# help me figure out the specs of the older arc sub



## legend94 (Mar 15, 2006)

I bought this off of ebay because it looks cool 

What model number is this and does anyone know the sealed specs on it?


----------



## legend94 (Mar 15, 2006)

anyone?


----------



## montyburns (Jan 3, 2006)

Do you still need this? I have a pair and might have the datasheet somewhere..


----------



## montyburns (Jan 3, 2006)

found it. Those box recommendations run small IME.


----------



## legend94 (Mar 15, 2006)

@montyburns

I cannot thank you enough for finding that. I am sending this to a good friend to use so he will get some use from this


----------



## montyburns (Jan 3, 2006)

Glad I could help. It's a miracle I still had it, and that I could find it.
Sad how much audio info has disappeared. The internet ain't what it used to be.


----------



## legend94 (Mar 15, 2006)

Its hard to believe you have a pair of them!
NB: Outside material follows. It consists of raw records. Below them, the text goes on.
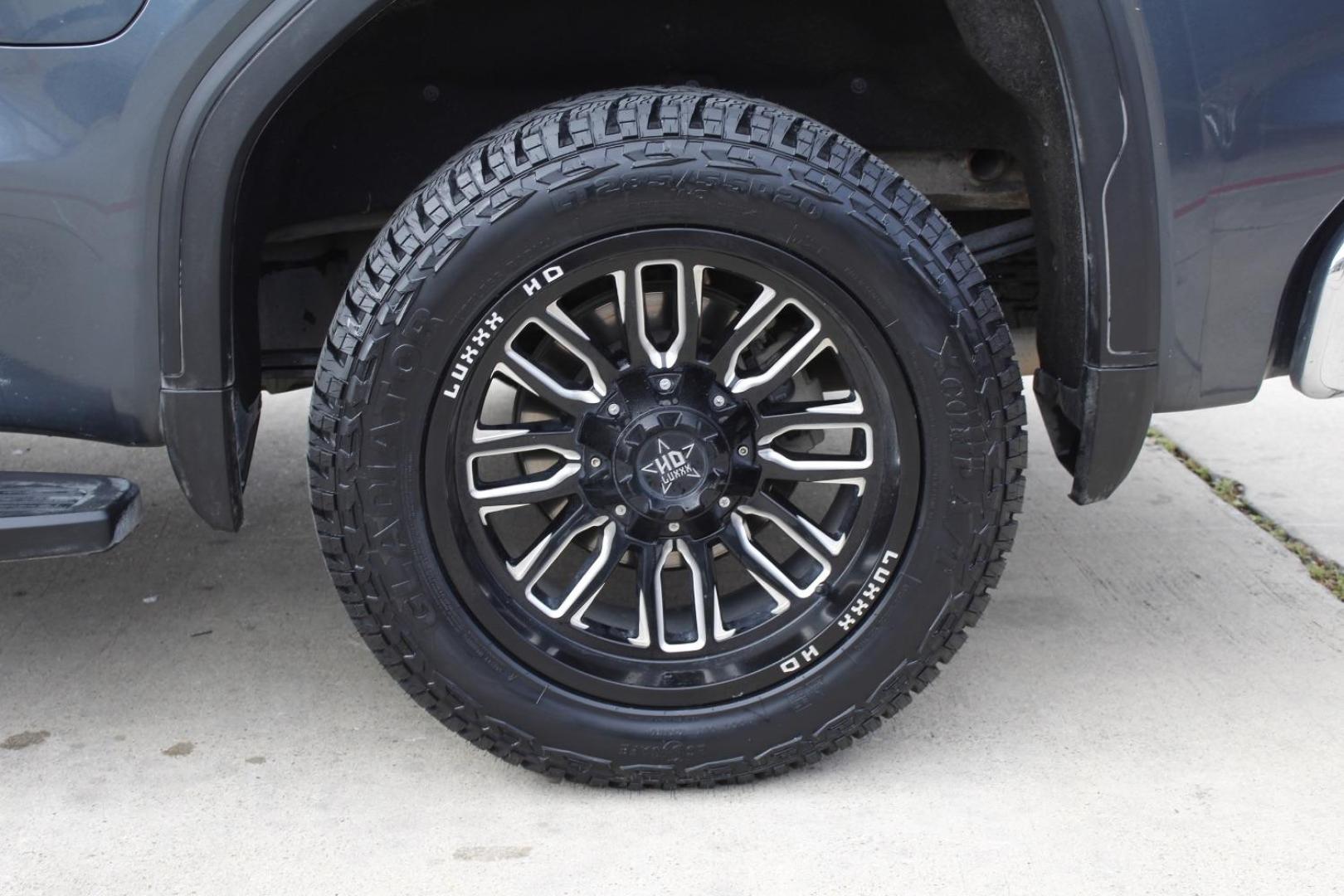 2019 Gray GMC Sierra 1500 SLT (3GTU9DED5KG) , located at 2401 E Main St., Grand Prairie, TX, 75050, (972) 262-4440, 32.748981, -96.969643 - Photo#5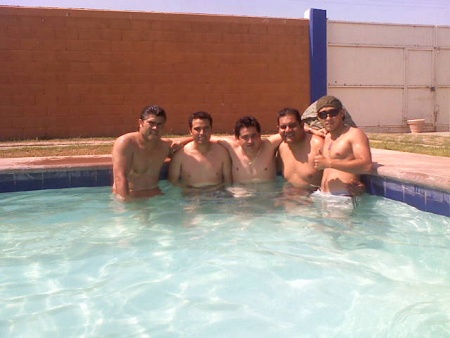 JOSÉ, Alex, Luis, Ricardo y Jonathan.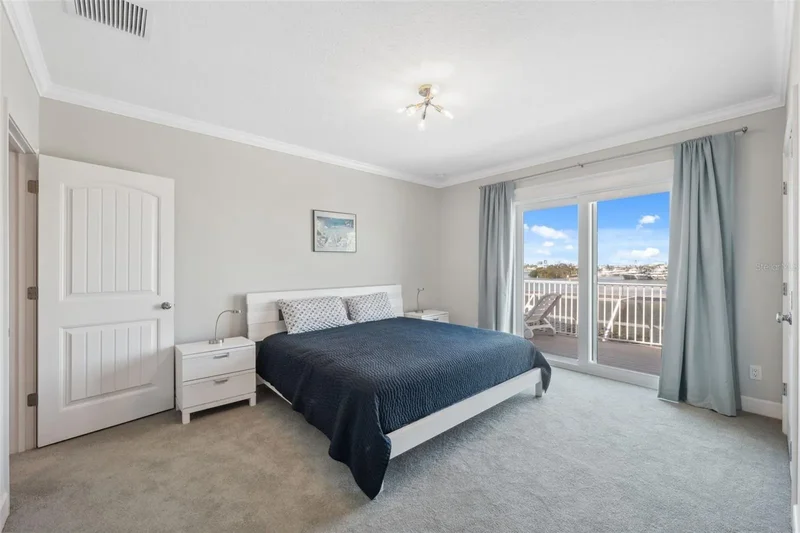 727 KEY ROYALE DRIVE, Holmes Beach, Florida, United States. - Photo 36
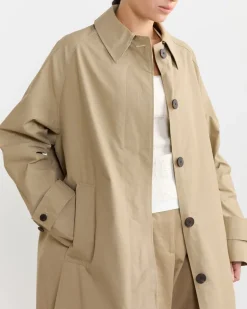 Holin Coat in Tan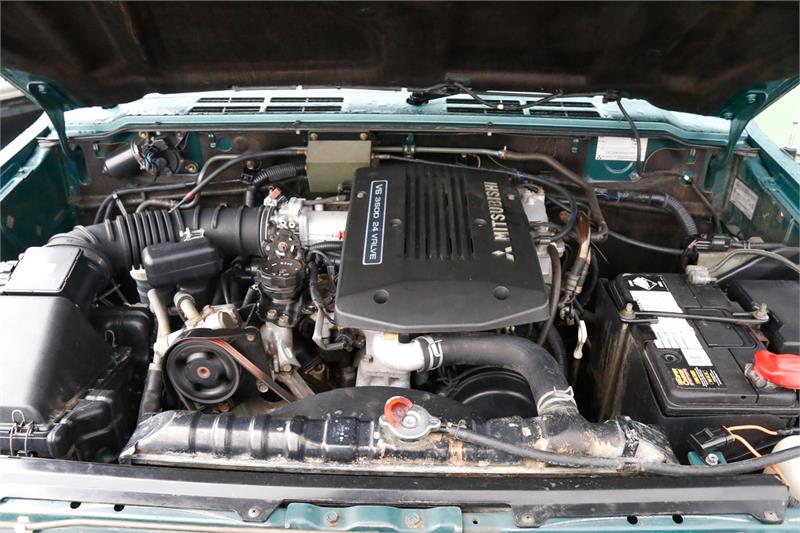 1999 MITSUBISHI PAJERO NL GLS AUTOMATIC WAGON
Do you remember about what year they were new?


----------



## montyburns (Jan 3, 2006)

I'm pretty bad with dates.. but I do remember buying 4 of them from one of the boys at ECA.. the arcaudio web archive from 2006 shows the new models.. so 05,. 04?

Sold a pair years ago, and I put the other two and a mtx thunder amp in my little cousin's car as a graduation gift just about a year ago.

I couldn't bring myself to get new subs since those worked so well.


----------